Há, ainda, um terceiro procedimento da artista que, não contente com a dureza do linho, suspende suas pinceladas em delicadas tramas de voil que exibem o seu próprio chassi. Aqui, a construção simbólica da cena como paisagem se desconstrói em alegres e rápidos traços de tons pastel, desvelando àquele que vê o intrínseco artifício da ilusão. Curiosa dicotomia, já que faz desmantelar a qualidade ilusória oriunda de uma tradição pictórica realista comum ao gênero de paisagem, tornando-o opaco como materialidade e enunciado cultural mediante o uso de um anteparo translúcido que revela a sua estrutura. É em um gesto tão sutil e repleto de beleza que, com ele, Yasmin atesta não se atrelar a uma herança ocidental que buscava o domínio do seu entorno pela apreensão visual do mundo, mas em sua experiência estética sensível. Tão modesto quanto espirituoso, o óleo se despe de sua seriedade e flui como o vento, embarcando na onda de sua criadora.

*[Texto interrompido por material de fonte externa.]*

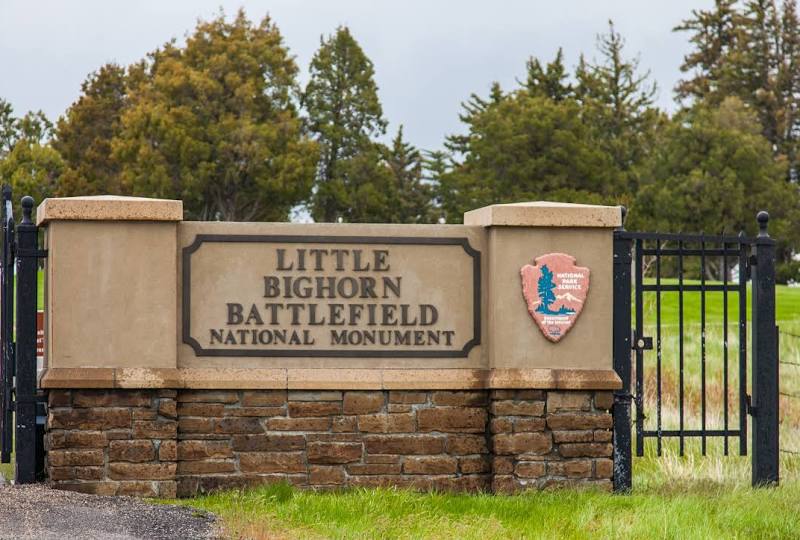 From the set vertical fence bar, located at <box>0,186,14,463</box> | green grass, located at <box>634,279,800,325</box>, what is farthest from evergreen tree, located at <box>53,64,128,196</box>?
vertical fence bar, located at <box>0,186,14,463</box>

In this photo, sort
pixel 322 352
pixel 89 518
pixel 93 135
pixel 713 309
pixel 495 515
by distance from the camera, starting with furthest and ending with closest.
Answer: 1. pixel 93 135
2. pixel 713 309
3. pixel 322 352
4. pixel 495 515
5. pixel 89 518

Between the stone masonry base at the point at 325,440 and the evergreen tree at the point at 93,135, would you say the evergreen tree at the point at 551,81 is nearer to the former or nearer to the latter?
the evergreen tree at the point at 93,135

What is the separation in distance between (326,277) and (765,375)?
359 cm

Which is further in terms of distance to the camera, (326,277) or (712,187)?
(712,187)

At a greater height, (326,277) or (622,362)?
(326,277)

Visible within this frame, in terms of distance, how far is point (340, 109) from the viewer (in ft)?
158

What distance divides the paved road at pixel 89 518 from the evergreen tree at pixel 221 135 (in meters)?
33.9

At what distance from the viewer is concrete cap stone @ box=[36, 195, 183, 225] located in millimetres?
8547

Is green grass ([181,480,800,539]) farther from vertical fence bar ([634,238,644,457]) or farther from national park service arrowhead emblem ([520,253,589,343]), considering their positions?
national park service arrowhead emblem ([520,253,589,343])

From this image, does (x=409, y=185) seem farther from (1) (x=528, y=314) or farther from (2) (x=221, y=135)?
(1) (x=528, y=314)

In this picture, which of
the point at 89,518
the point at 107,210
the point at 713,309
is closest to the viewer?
the point at 89,518

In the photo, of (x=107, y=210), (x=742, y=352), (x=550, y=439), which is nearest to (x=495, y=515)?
(x=550, y=439)

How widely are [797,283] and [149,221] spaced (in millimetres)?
43681

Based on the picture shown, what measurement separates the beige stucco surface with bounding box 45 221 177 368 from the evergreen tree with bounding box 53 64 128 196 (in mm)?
37788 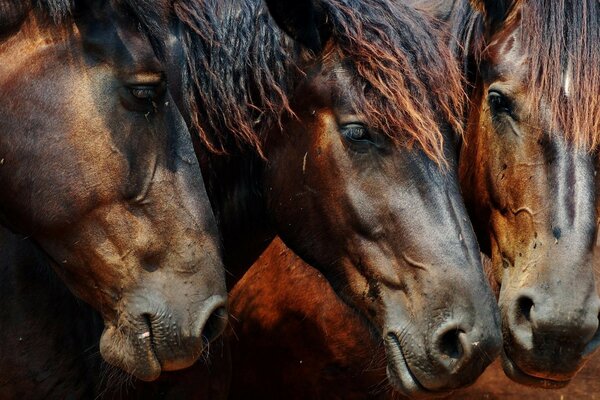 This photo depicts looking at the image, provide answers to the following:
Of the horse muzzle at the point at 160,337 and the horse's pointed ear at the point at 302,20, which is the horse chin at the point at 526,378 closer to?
the horse muzzle at the point at 160,337

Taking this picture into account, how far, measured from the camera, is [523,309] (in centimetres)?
351

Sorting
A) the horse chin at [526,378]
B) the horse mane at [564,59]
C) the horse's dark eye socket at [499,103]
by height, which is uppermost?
the horse mane at [564,59]

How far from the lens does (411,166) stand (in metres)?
3.31

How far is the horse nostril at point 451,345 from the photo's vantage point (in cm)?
313

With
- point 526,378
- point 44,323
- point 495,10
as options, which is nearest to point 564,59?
point 495,10

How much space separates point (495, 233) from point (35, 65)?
181cm

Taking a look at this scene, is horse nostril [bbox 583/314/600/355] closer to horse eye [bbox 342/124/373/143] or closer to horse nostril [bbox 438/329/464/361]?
horse nostril [bbox 438/329/464/361]

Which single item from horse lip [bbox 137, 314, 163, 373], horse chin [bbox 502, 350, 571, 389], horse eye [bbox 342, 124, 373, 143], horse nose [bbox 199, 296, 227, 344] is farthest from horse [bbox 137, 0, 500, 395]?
horse lip [bbox 137, 314, 163, 373]

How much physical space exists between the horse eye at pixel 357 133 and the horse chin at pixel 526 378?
92 cm

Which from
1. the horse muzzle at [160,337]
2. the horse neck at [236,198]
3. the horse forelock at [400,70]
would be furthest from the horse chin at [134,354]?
the horse forelock at [400,70]

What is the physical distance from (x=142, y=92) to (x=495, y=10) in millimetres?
1611

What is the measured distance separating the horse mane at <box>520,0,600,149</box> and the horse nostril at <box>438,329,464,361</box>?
0.91 meters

Nesses gestos, a artista revela, pouco a pouco, que seu interesse pela matéria das coisas que envolvem o mundo é menor do que pelas suas lacunas e bordas. Atraída pelo vazio, suas elaborações pictóricas parecem mais afeitas à construção da natureza sob um cânone visual oriental que, sob a influência do taoísmo, reflete sobre o entorno com a representação da vitalidade das formas e seu movimento rítmico demarcado pelo contorno do pincel, na busca por abstrações que sugiram o extrafísico. A criação surge como possibilidade de revelar o vazio. Contrasta, assim, com os ideais ocidentais, cuja perseguição por uma forma plástica orgânica ainda retém vestígios em nossa maneira de vivenciar o mundo, tanto na pintura como no regime de imagens técnicas, em um completo horror ao vazio. Em sua prática, Yasmin transforma a árdua tarefa diante do vazio em regozijo vital. Amiúde, suas composições mais espirituosas são aquelas em que os lampejos de tinta encontram campo livre para navegar, deleitando-se na fluidez eterna que revolve a placidez.